Peter Miller fires up the engine of his 38-foot lobster boat named the Sasha and heads out for another day of hauling traps off the Maine coast. Now in his 60s, the Tenants Harbor fisherman has deep roots in an increasingly competitive industry.
Miller says things are looking up in Tenants Harbor, and that has almost everything to do with Holden, who will buy as much as half a million pounds of lobster this year and sell it in nearly 20 franchises he owns around the country and Japan.
“Most of the fleet that fishes here is happy to know where their product is going instead of winding up on a cruise ship or whatever,” he says. “I think they like that idea and Luke has been great to work with.”
Holden’s franchises rake in more than $20 million in sales worldwide and are the brainchild of the 32-year-old businessman, who grew up in Cape Elizabeth and fell in love with the lobster business.
Now, in addition to restaurants in Las Vegas, Washington and six other cities, there is also a new Luke’s Lobster Shack on the wharf in Tenants Harbor. About 20 lobstermen, including Miller, have agreed to work exclusively with him as part of a new partnership.

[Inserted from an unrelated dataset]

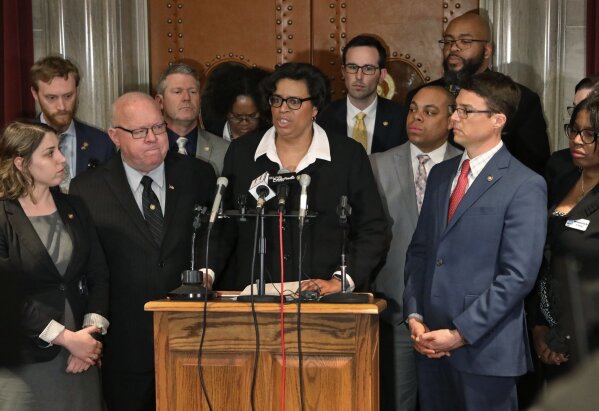 
              Democrats from a special committee investigating Missouri  Gov. Eric Greiten's affair speak at a press conference in Jefferson City, Mo., on Wednesday, April 11, 2018, after Gov. Greitens gave his own press conference to debunk the report. House Minority Leader Gail McCann Beatty, center, said she wants the governor to resign otherwise they should start impeachment proceedings. ( J.B. Forbes/St. Louis Post-Dispatch via AP)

Managing the newly opened Luke’s Lobster Shack at Tenants Harbor is about the only thing on the wharf that fishermen don’t have a hand in — unless, of course, they feel like having a lobster roll for lunch.
“He buys all our lobster and processes it for his own restaurants of which, this one is one now,” Miller says.
Holden’s pledge to deliver half of the profits from the shack to the co-op each year is one of the benefits of what’s known as a vertically integrated company, or one that controls the supply chain for the products it makes.
All Holden needed was a willing partner. And when Miller’s family became eligible for a $250,000 grant from the state to designate Millers’ Wharf as a commercial pier, it became a natural backdrop for that new partnership.
Miller’s son Josh says he and his father could see the merit of sharing expenses and profits, even when others didn’t.
“I think there was some skepticism at the beginning, not necessarily because it was a co-op, just because it’s a new business venture so there’s going to be skepticism associated with that,” Josh Miller says.
If the marriage between a lobstermen-fishermen co-op and a lobster shack mogul works out, then Peter Miller says Merritt Carey will be credited as the matchmaker. Carey is a family friend who could see the potential cash benefits of eliminating a middle man in the delivery system that gets lobsters to the kitchens of restaurants like Luke’s.
In this case, that middle man is essentially the lobster dealer.
“Luke responded right away and we set up a call initially and we went to Luke to see if he was maybe interested in doing some buying from the wharf,” Carey said.
“I love what I do now, but the best job I ever had was being a stern man and then being a lobsterman,” Holden says in a telephone interview from his office in New York City.
He says his partnership with the co-op ensures a sustainable stream of lobster to a sister company of Luke’s Lobster. Cape Seafood in Saco relies on the lobster meat that is processed, frozen and shipped across the country and around the world. Holden says the partnership is good for his customers and for his fellow co-op members in Tenants Harbor.
“Tenants Harbor Fisherman’s Co-op is building a better, more diversified business and in return are putting themselves in a position where they ought to earn more for their catch than, say, the next wharf down the harbor,” Holden says.
The agreement with the fishermen’s co-op also allows Luke’s Lobster to show its customers where their lobster dinners are coming from and who the people are that help get it to table using what he says are sustainable harvesting methods.
State Marine Resources Commissioner Pat Keliher says he will be watching the relationship between the co-op and Luke’s Lobster to see if it is a business model that holds promise for other Maine fishermen.
Editor's note: Luke's Lobster Shack in Tenants Harbor is a franchise of Luke's Lobster, but it is incorporated differently and is technically is known as "Luke's At Tenants Harbor."